What you produce should be the lines from the line containing "this 504×336 image." through the last line below, both ends included, reproduced exactly and without pictures.

::::::

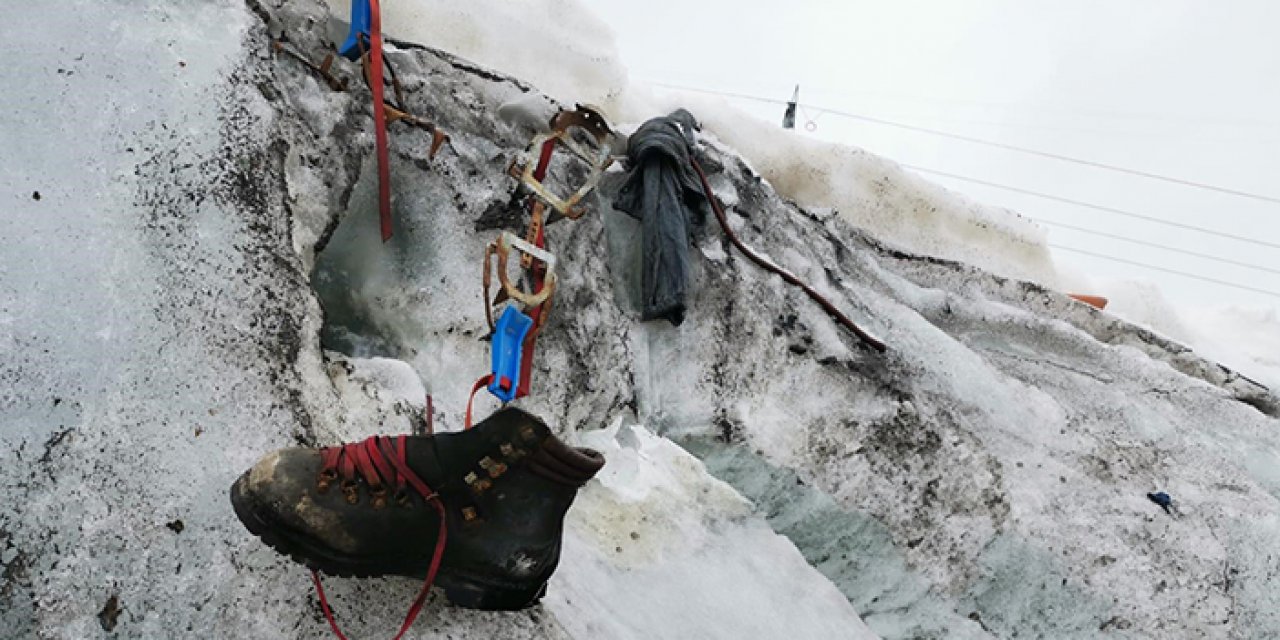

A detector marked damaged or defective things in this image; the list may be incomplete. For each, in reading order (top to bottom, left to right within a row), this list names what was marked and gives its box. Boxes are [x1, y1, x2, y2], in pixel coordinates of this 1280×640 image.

torn cloth [611, 109, 706, 325]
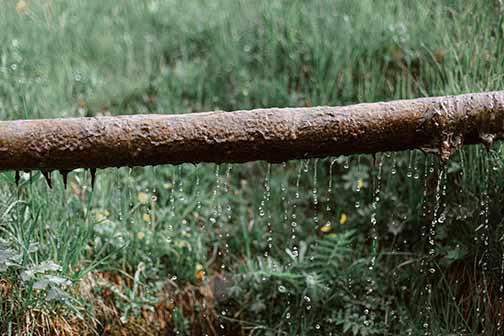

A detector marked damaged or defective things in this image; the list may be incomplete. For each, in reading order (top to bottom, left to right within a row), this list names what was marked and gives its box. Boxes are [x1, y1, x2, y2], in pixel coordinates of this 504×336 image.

corroded metal surface [0, 91, 502, 172]
rust on pipe [0, 90, 504, 172]
rusty metal pipe [0, 90, 504, 172]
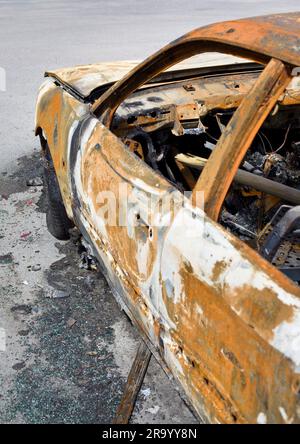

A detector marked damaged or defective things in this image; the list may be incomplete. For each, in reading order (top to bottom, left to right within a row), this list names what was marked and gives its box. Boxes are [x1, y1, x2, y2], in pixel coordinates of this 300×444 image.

rusted metal [115, 342, 152, 424]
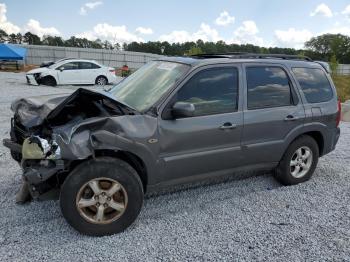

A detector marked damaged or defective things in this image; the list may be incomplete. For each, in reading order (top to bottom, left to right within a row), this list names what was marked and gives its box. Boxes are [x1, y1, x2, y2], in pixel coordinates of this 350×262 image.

crumpled hood [11, 93, 69, 127]
dented hood [11, 93, 69, 128]
damaged front end [3, 88, 148, 203]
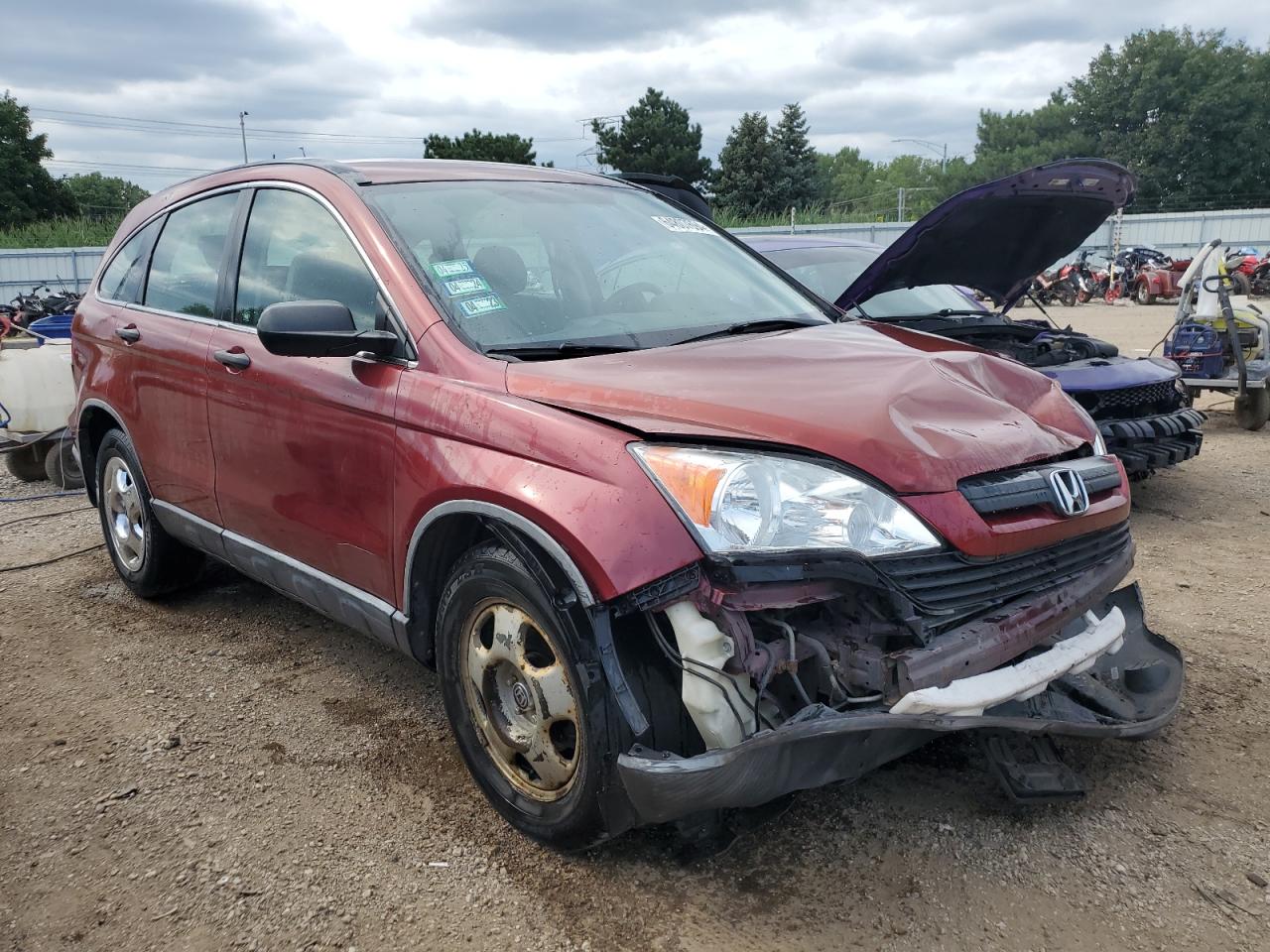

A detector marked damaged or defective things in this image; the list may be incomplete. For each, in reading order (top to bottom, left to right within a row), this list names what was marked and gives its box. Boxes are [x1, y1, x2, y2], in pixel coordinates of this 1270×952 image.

dented hood [837, 158, 1135, 311]
damaged red honda cr-v [69, 157, 1183, 849]
cracked headlight housing [627, 446, 937, 559]
dented hood [506, 323, 1103, 494]
crumpled front bumper [1103, 407, 1199, 474]
rusty steel wheel [458, 599, 583, 801]
crumpled front bumper [615, 579, 1183, 825]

::::::

> _EXERCISE ANSWER_
A detector marked damaged or defective things in this image; the list may be incomplete. For each, in reading order (top to bottom, left to right within a row), this list names what was marked and gives its box. Boxes are [x1, y1, x2, y2], in pixel coordinates of this 504×336 image.

corroded metal surface [0, 91, 502, 172]
rust on pipe [0, 90, 504, 172]
rusty metal pipe [0, 90, 504, 172]

A detector marked damaged or defective things in this image; the list may be incomplete. For each, in reading order (top to bottom, left to right within a row), this list names what was marked and gives its box. Boxes are [x1, y1, x2, y2], in pixel coordinates of this 300×444 image.

rusted metal [115, 342, 152, 424]

A detector marked damaged or defective things in this image; the list may be incomplete. For each, in reading order (top to bottom, left to right within a row), this list names what was marked and gives its box. Boxes are [x1, y1, x2, y2], in pixel coordinates of this 350×262 image.

crumpled hood [11, 93, 69, 127]
dented hood [11, 93, 69, 128]
damaged front end [3, 88, 148, 203]

A detector marked damaged or defective things in this image; the list may be incomplete. For each, in reading order (top to bottom, left to right within a row), this list names what was marked and gives its box. Boxes are [x1, y1, x2, y2], in pixel coordinates of this 1270×952 image.

dented hood [837, 158, 1135, 311]
damaged red honda cr-v [69, 157, 1183, 849]
cracked headlight housing [627, 446, 937, 559]
dented hood [506, 323, 1103, 494]
crumpled front bumper [1103, 407, 1199, 474]
rusty steel wheel [458, 599, 583, 801]
crumpled front bumper [615, 579, 1183, 825]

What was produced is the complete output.